Medicamentos: propranolol, nadolol e pindolol.
- Cardiosseletivos: bloqueiam apenas receptores B1. Efeitos: coração, sistema nervoso e nos rins, sem efeitos de bloqueio periférico indesejáveis, porém em doses muito alta pode ter ação em B2. 
Medicamentos: atenolol, metoprolol, bisoprolol e nebivolol,
- Novos B-bloqueadores - Ação vasodilatadora: antagoniza o receptor alfa-1 periférico e a produção do oxido nítrico.
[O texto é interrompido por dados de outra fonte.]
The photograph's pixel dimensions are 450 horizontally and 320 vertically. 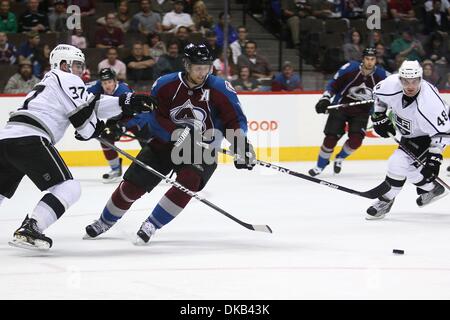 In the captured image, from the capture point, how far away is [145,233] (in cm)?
529

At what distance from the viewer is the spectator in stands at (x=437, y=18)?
10.5 meters

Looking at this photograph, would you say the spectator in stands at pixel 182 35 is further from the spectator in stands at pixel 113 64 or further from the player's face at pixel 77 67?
the player's face at pixel 77 67

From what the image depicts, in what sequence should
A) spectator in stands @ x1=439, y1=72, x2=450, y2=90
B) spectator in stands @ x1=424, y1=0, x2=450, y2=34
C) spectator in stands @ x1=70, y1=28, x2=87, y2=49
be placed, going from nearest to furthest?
spectator in stands @ x1=70, y1=28, x2=87, y2=49 < spectator in stands @ x1=439, y1=72, x2=450, y2=90 < spectator in stands @ x1=424, y1=0, x2=450, y2=34

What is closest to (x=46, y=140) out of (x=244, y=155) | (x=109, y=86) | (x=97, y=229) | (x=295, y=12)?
(x=97, y=229)

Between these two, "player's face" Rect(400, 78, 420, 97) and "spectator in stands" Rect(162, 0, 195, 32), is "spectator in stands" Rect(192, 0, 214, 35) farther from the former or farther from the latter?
"player's face" Rect(400, 78, 420, 97)

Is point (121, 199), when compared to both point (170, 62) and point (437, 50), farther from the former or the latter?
point (437, 50)

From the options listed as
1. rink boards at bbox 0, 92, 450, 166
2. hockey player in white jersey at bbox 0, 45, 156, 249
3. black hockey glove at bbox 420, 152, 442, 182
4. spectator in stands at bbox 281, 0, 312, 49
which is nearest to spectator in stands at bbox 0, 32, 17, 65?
rink boards at bbox 0, 92, 450, 166

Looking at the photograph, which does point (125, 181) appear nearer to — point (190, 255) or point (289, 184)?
point (190, 255)

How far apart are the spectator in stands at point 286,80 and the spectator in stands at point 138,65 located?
1252mm

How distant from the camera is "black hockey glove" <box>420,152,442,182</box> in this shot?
19.8ft

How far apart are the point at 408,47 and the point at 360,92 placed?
1.94m

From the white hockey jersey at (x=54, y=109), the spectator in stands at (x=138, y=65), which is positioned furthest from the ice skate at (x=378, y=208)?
the spectator in stands at (x=138, y=65)

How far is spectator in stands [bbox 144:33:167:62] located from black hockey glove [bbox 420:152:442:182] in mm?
3978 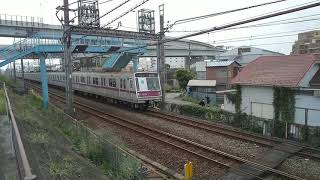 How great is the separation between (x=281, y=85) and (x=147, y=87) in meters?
9.96

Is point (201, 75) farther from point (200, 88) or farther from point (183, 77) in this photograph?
point (200, 88)

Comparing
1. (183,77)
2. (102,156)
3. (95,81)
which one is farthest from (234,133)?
(183,77)

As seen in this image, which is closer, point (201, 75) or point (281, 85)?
point (281, 85)

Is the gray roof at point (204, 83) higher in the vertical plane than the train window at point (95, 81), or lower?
lower

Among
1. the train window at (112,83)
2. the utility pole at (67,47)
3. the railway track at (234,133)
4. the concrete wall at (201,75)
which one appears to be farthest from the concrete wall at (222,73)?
the utility pole at (67,47)

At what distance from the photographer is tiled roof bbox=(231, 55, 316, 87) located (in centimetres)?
2159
Medicamento: Carvedilol (antag. Alfa-1) e Nebivolol (produção de óxido nítrico).
3 – Explique as diferenças na farmacocinética das subclasses de beta bloqueadores.
Lipossolubilidade (penetra na barreira hematoencefálica) – aumentando os efeitos indesejáveis no SNC: propranolol (alta), metropronol (moderada).
Hidrossolúveis – menos efeitos tissulares: Atenolol 
Eliminação e metabolismo: Atenolol e nadolol são eliminados pelo rim e requerem ajuste da dose em pacientes com insuficiência renal. Propranolol, metoprolol, labetalol, carvedilol e nebivolol são excretados primeiramente pro metabolismo hepático.
Meia vida: Não seletivos – tem meia vida menor, exceto nadolol (10-20); Seletivos: meia vida alta; vasodilatadores: meia vida alta. 
4 – Explique o broncoespasmo e a sonolência provocada por alguns b-bloqueadores 
O broncoespasmo ocorre no uso de B-bloqueadores não seletivos, pois eles atuam nos receptores adrenérgicos sem seletividade, ou seja, receptores beta 1 encontrado no miocárdio (bradicardia) e Beta 2 encontrado no músculo liso dos pulmões, inibindo a função de broncodilatação. Dessa forma, pacientes com asmas e DPOC têm contraindicação para o uso dessa classe, por risco de broncoespasmo. Já Alguns betabloqueadores tem efeito no SNC, atravessando a barreira hematoencefálica, ocasionando assim distúrbios do sono, com insônia, e dessa forma, provocando sonolência diurna.
5 – Qual a vantagem dos betabloqueadores com atividade simpaticomimética intrínseca?
O betabloqueador não seletivo, Pindolol, apresenta atividade simpatomimética intrínseca, ou seja, age como um agonista adrenérgico parcial, dessa forma, apresenta menos bradicardia e broncoconstrição que os demais betabloqueadores dessa classe.